Improving Classification Accuracy for Unstructured Medical Documents via Multi-Engine OCR and Deep Learning Collaboration
DOI:
https://doi.org/10.69987/JACS.2026.60201Keywords:
Medical document classification, Multi-engine OCR, Ensemble deep learning, Healthcare information extractionAbstract
The exponential growth of unstructured medical documents poses significant challenges for healthcare information management. This study presents a novel multi-engine collaborative framework integrating diverse optical character recognition (OCR) technologies with ensemble deep learning classifiers to enhance document classification accuracy. The proposed approach adaptively selects optimal OCR engines based on document characteristics, extracts multi-source textual features, and employs confidence-weighted ensemble strategies.

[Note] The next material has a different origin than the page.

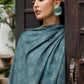 DIGITAL PRINTED VISCOSE UF-4565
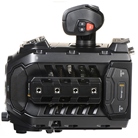 Caméra Blackmagic Design URSA Mini Pro 4.6K G2 Digital Cinema Camera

An experimental evaluation on a healthcare document dataset achieves 94.7% classification accuracy across clinical notes, diagnostic reports, laboratory results, insurance claims, and prescription forms, outperforming the strongest single-engine baseline (Engine-H) by 11.6 percentage points. The framework maintains an average processing time of 2.4 seconds per document while reducing computational consumption compared with parallel multi-engine execution. These findings validate the effectiveness of multi-engine collaboration for heterogeneous medical documentation systems.